The Blue Jays tapped their starting prospect depth when their bullpen needed a midseason makeover. Roberto Osuna was a starter for most of his Minor League career and didn't save a professional game until June 22, his 31st Major League appearance, at age 20. Aaron Sanchez, who turned 23 in July, began the year in Toronto's rotation alongside Daniel Norris and didn't join the bullpen until being recalled in late July. He racked up 10 holds in 11 chances and became a bullpen workhorse once lefty Brett Cecil tore a calf muscle.

Both Sanchez and Osuna were Top 100 prospects.

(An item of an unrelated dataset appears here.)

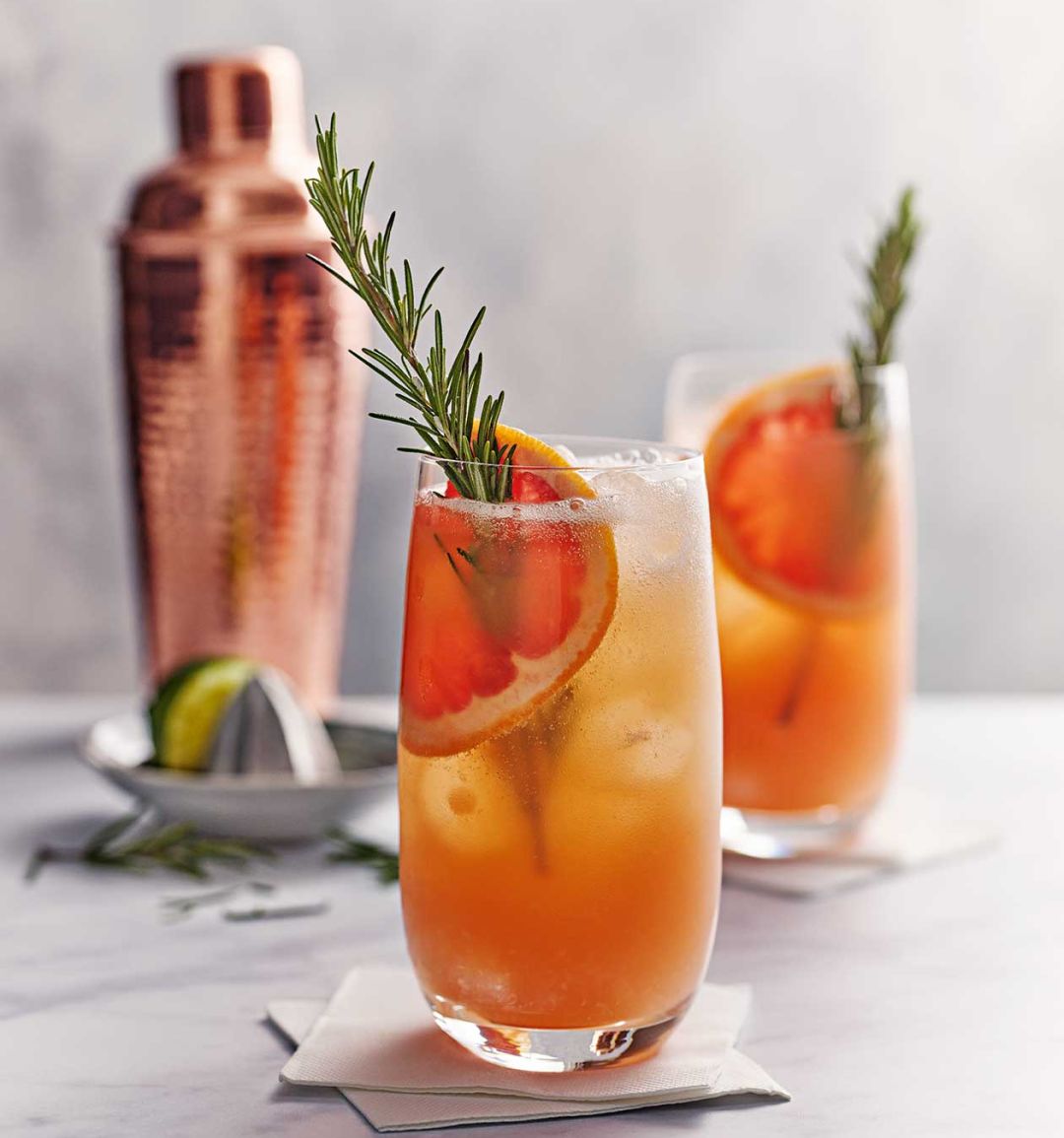 Rosemary grapefruit fizz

Detroit made a similar decision at midseason with 24-year-old Drew VerHagen, whose spots of late-season success give the Tigers hope for a middle relief or setup piece.

A better model for Detroit could be Texas, where general manager Jon Daniels rebuilt his bullpen with lesser-known arms he could project. Shawn Tolleson was a waiver claim from the Dodgers after the 2013 season who became a workhorse in the Rangers' bullpen, then a 35-save closer after Neftali Feliz struggled. Sam Dyson was working seventh and eighth innings in Miami when the Rangers acquired him at the Trade Deadline and put him in a setup role. Jake Diekman was a gifted but inconsistent Phillies left-hander whom the Rangers had coveted since last year until packaging him into the Cole Hamels trade. All three are under control for at least the next three seasons.

The Astros spent on bullpen help last offseason, but not on a proven closer. Houston spent $31 million total on free agents Luke Gregerson and Pat Neshek, and nearly signed Andrew Miller.

Gregerson, a pitcher the Tigers tried to acquire a few years ago, saved 31 Astros victories, 12 more than his previous career saves total. Beyond that, Houston received outstanding work from right-hander Will Harris, a waiver claim last winter, and lefty Tony Sipp. Unlike Texas, none of Houston's additions were hard throwers, but their styles complemented each other.